_Required action_:
Your task is to copy every line of this material exactly.

_Supplied records_:
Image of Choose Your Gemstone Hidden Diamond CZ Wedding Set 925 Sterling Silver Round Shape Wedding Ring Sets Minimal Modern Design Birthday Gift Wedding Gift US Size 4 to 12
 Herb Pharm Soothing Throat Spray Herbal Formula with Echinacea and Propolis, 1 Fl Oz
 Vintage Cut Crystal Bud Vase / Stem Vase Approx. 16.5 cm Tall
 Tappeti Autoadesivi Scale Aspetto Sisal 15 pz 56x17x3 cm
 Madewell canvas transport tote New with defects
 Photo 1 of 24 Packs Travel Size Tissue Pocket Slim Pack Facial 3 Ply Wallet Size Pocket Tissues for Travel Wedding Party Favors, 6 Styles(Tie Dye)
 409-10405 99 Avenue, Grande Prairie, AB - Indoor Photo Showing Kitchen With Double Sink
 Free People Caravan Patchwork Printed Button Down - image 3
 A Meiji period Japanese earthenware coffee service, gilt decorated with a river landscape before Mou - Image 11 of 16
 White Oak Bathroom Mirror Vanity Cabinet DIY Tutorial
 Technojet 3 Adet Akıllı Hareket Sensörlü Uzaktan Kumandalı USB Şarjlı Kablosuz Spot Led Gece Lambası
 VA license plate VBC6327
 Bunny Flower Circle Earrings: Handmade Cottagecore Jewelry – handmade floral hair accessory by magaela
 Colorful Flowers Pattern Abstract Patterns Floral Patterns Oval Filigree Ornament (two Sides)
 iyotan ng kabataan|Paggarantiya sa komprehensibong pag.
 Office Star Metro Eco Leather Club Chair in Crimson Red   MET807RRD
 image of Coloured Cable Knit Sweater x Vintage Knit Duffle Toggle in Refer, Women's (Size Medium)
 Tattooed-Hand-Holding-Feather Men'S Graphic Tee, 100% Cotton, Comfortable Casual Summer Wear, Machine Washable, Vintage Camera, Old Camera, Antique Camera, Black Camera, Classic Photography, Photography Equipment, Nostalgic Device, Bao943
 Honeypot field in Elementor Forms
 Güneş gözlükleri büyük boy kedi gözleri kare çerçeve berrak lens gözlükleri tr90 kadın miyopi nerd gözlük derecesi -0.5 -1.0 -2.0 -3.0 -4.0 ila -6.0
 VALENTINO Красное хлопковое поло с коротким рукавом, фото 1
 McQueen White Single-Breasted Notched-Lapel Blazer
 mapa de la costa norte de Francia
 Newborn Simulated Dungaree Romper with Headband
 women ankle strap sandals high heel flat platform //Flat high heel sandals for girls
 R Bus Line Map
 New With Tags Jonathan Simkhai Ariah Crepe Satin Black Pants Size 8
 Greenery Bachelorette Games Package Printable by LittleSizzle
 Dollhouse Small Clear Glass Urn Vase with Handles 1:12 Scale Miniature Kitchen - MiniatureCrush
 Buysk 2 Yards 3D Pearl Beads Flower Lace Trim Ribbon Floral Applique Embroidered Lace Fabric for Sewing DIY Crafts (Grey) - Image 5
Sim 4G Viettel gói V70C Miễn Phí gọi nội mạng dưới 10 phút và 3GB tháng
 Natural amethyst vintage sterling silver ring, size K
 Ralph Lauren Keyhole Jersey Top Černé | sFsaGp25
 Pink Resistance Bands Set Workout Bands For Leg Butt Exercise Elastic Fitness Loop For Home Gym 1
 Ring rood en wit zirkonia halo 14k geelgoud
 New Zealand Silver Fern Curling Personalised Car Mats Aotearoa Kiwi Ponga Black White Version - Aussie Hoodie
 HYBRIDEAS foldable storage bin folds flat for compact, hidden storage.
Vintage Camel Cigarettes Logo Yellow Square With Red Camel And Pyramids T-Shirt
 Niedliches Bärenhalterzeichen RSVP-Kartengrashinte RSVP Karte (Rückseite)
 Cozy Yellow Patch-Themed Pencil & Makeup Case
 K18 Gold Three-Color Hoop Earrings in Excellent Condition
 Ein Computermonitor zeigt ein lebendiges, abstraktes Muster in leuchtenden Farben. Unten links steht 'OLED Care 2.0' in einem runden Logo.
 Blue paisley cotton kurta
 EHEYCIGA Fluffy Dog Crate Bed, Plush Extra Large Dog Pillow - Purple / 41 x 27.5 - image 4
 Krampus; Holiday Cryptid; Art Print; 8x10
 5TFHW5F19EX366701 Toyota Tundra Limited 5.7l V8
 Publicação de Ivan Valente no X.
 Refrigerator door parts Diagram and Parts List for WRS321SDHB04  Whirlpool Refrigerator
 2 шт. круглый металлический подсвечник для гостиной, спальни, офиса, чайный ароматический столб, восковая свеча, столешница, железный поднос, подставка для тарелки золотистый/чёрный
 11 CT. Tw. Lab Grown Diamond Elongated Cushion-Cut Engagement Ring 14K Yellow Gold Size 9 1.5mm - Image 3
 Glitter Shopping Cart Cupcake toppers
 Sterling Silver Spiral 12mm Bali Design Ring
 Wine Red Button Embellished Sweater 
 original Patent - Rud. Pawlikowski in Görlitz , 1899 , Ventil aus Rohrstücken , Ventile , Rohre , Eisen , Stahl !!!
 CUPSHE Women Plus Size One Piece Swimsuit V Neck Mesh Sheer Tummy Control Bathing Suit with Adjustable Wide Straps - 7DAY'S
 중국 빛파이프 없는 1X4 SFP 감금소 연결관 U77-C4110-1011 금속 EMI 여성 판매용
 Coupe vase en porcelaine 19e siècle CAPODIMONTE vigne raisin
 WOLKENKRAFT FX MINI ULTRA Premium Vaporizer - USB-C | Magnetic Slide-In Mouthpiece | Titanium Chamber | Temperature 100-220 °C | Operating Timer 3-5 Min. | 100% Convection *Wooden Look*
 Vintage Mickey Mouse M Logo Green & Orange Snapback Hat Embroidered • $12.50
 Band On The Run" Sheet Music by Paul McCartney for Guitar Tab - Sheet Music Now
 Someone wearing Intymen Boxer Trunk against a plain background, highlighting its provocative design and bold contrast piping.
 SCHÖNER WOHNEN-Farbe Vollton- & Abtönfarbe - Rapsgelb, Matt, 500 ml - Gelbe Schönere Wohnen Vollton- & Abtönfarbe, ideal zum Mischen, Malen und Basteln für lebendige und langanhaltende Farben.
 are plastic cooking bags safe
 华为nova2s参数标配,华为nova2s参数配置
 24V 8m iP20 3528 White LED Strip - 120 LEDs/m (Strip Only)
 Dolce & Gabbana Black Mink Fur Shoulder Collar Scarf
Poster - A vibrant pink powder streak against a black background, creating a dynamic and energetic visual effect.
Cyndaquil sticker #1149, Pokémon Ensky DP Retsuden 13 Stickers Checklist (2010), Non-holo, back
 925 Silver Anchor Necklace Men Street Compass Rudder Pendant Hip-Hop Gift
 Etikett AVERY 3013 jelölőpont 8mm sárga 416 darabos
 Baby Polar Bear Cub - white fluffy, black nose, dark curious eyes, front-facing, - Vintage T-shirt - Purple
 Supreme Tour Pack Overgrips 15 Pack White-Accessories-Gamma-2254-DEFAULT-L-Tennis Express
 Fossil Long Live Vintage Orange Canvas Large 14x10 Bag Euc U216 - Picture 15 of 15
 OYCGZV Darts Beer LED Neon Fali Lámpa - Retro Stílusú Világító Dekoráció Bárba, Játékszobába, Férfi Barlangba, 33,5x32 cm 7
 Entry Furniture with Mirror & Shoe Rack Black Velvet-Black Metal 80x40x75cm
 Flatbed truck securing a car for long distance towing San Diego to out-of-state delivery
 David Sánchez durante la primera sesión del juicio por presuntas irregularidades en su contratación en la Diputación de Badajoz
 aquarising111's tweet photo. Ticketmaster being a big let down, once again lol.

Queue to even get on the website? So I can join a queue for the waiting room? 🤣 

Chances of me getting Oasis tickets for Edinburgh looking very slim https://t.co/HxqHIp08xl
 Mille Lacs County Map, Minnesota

_Solved problem_:
Image of Choose Your Gemstone Hidden Diamond CZ Wedding Set 925 Sterling Silver Round Shape Wedding Ring Sets Minimal Modern Design Birthday Gift Wedding Gift US Size 4 to 12
 Herb Pharm Soothing Throat Spray Herbal Formula with Echinacea and Propolis, 1 Fl Oz
 Vintage Cut Crystal Bud Vase / Stem Vase Approx. 16.5 cm Tall
 Tappeti Autoadesivi Scale Aspetto Sisal 15 pz 56x17x3 cm
 Madewell canvas transport tote New with defects
 Photo 1 of 24 Packs Travel Size Tissue Pocket Slim Pack Facial 3 Ply Wallet Size Pocket Tissues for Travel Wedding Party Favors, 6 Styles(Tie Dye)
 409-10405 99 Avenue, Grande Prairie, AB - Indoor Photo Showing Kitchen With Double Sink
 Free People Caravan Patchwork Printed Button Down - image 3
 A Meiji period Japanese earthenware coffee service, gilt decorated with a river landscape before Mou - Image 11 of 16
 White Oak Bathroom Mirror Vanity Cabinet DIY Tutorial
 Technojet 3 Adet Akıllı Hareket Sensörlü Uzaktan Kumandalı USB Şarjlı Kablosuz Spot Led Gece Lambası
 VA license plate VBC6327
 Bunny Flower Circle Earrings: Handmade Cottagecore Jewelry – handmade floral hair accessory by magaela
 Colorful Flowers Pattern Abstract Patterns Floral Patterns Oval Filigree Ornament (two Sides)
 iyotan ng kabataan|Paggarantiya sa komprehensibong pag.
 Office Star Metro Eco Leather Club Chair in Crimson Red   MET807RRD
 image of Coloured Cable Knit Sweater x Vintage Knit Duffle Toggle in Refer, Women's (Size Medium)
 Tattooed-Hand-Holding-Feather Men'S Graphic Tee, 100% Cotton, Comfortable Casual Summer Wear, Machine Washable, Vintage Camera, Old Camera, Antique Camera, Black Camera, Classic Photography, Photography Equipment, Nostalgic Device, Bao943
 Honeypot field in Elementor Forms
 Güneş gözlükleri büyük boy kedi gözleri kare çerçeve berrak lens gözlükleri tr90 kadın miyopi nerd gözlük derecesi -0.5 -1.0 -2.0 -3.0 -4.0 ila -6.0
 VALENTINO Красное хлопковое поло с коротким рукавом, фото 1
 McQueen White Single-Breasted Notched-Lapel Blazer
 mapa de la costa norte de Francia
 Newborn Simulated Dungaree Romper with Headband
 women ankle strap sandals high heel flat platform //Flat high heel sandals for girls
 R Bus Line Map
 New With Tags Jonathan Simkhai Ariah Crepe Satin Black Pants Size 8
 Greenery Bachelorette Games Package Printable by LittleSizzle
 Dollhouse Small Clear Glass Urn Vase with Handles 1:12 Scale Miniature Kitchen - MiniatureCrush
 Buysk 2 Yards 3D Pearl Beads Flower Lace Trim Ribbon Floral Applique Embroidered Lace Fabric for Sewing DIY Crafts (Grey) - Image 5
Sim 4G Viettel gói V70C Miễn Phí gọi nội mạng dưới 10 phút và 3GB tháng
 Natural amethyst vintage sterling silver ring, size K
 Ralph Lauren Keyhole Jersey Top Černé | sFsaGp25
 Pink Resistance Bands Set Workout Bands For Leg Butt Exercise Elastic Fitness Loop For Home Gym 1
 Ring rood en wit zirkonia halo 14k geelgoud
 New Zealand Silver Fern Curling Personalised Car Mats Aotearoa Kiwi Ponga Black White Version - Aussie Hoodie
 HYBRIDEAS foldable storage bin folds flat for compact, hidden storage.
Vintage Camel Cigarettes Logo Yellow Square With Red Camel And Pyramids T-Shirt
 Niedliches Bärenhalterzeichen RSVP-Kartengrashinte RSVP Karte (Rückseite)
 Cozy Yellow Patch-Themed Pencil & Makeup Case
 K18 Gold Three-Color Hoop Earrings in Excellent Condition
 Ein Computermonitor zeigt ein lebendiges, abstraktes Muster in leuchtenden Farben. Unten links steht 'OLED Care 2.0' in einem runden Logo.
 Blue paisley cotton kurta
 EHEYCIGA Fluffy Dog Crate Bed, Plush Extra Large Dog Pillow - Purple / 41 x 27.5 - image 4
 Krampus; Holiday Cryptid; Art Print; 8x10
 5TFHW5F19EX366701 Toyota Tundra Limited 5.7l V8
 Publicação de Ivan Valente no X.
 Refrigerator door parts Diagram and Parts List for WRS321SDHB04  Whirlpool Refrigerator
 2 шт. круглый металлический подсвечник для гостиной, спальни, офиса, чайный ароматический столб, восковая свеча, столешница, железный поднос, подставка для тарелки золотистый/чёрный
 11 CT. Tw. Lab Grown Diamond Elongated Cushion-Cut Engagement Ring 14K Yellow Gold Size 9 1.5mm - Image 3
 Glitter Shopping Cart Cupcake toppers
 Sterling Silver Spiral 12mm Bali Design Ring
 Wine Red Button Embellished Sweater 
 original Patent - Rud. Pawlikowski in Görlitz , 1899 , Ventil aus Rohrstücken , Ventile , Rohre , Eisen , Stahl !!!
 CUPSHE Women Plus Size One Piece Swimsuit V Neck Mesh Sheer Tummy Control Bathing Suit with Adjustable Wide Straps - 7DAY'S
 중국 빛파이프 없는 1X4 SFP 감금소 연결관 U77-C4110-1011 금속 EMI 여성 판매용
 Coupe vase en porcelaine 19e siècle CAPODIMONTE vigne raisin
 WOLKENKRAFT FX MINI ULTRA Premium Vaporizer - USB-C | Magnetic Slide-In Mouthpiece | Titanium Chamber | Temperature 100-220 °C | Operating Timer 3-5 Min. | 100% Convection *Wooden Look*
 Vintage Mickey Mouse M Logo Green & Orange Snapback Hat Embroidered • $12.50
 Band On The Run" Sheet Music by Paul McCartney for Guitar Tab - Sheet Music Now
 Someone wearing Intymen Boxer Trunk against a plain background, highlighting its provocative design and bold contrast piping.
 SCHÖNER WOHNEN-Farbe Vollton- & Abtönfarbe - Rapsgelb, Matt, 500 ml - Gelbe Schönere Wohnen Vollton- & Abtönfarbe, ideal zum Mischen, Malen und Basteln für lebendige und langanhaltende Farben.
 are plastic cooking bags safe
 华为nova2s参数标配,华为nova2s参数配置
 24V 8m iP20 3528 White LED Strip - 120 LEDs/m (Strip Only)
 Dolce & Gabbana Black Mink Fur Shoulder Collar Scarf
Poster - A vibrant pink powder streak against a black background, creating a dynamic and energetic visual effect.
Cyndaquil sticker #1149, Pokémon Ensky DP Retsuden 13 Stickers Checklist (2010), Non-holo, back
 925 Silver Anchor Necklace Men Street Compass Rudder Pendant Hip-Hop Gift
 Etikett AVERY 3013 jelölőpont 8mm sárga 416 darabos
 Baby Polar Bear Cub - white fluffy, black nose, dark curious eyes, front-facing, - Vintage T-shirt - Purple
 Supreme Tour Pack Overgrips 15 Pack White-Accessories-Gamma-2254-DEFAULT-L-Tennis Express
 Fossil Long Live Vintage Orange Canvas Large 14x10 Bag Euc U216 - Picture 15 of 15
 OYCGZV Darts Beer LED Neon Fali Lámpa - Retro Stílusú Világító Dekoráció Bárba, Játékszobába, Férfi Barlangba, 33,5x32 cm 7
 Entry Furniture with Mirror & Shoe Rack Black Velvet-Black Metal 80x40x75cm
 Flatbed truck securing a car for long distance towing San Diego to out-of-state delivery
 David Sánchez durante la primera sesión del juicio por presuntas irregularidades en su contratación en la Diputación de Badajoz
 aquarising111's tweet photo. Ticketmaster being a big let down, once again lol.

Queue to even get on the website? So I can join a queue for the waiting room? 🤣 

Chances of me getting Oasis tickets for Edinburgh looking very slim https://t.co/HxqHIp08xl
 Mille Lacs County Map, Minnesota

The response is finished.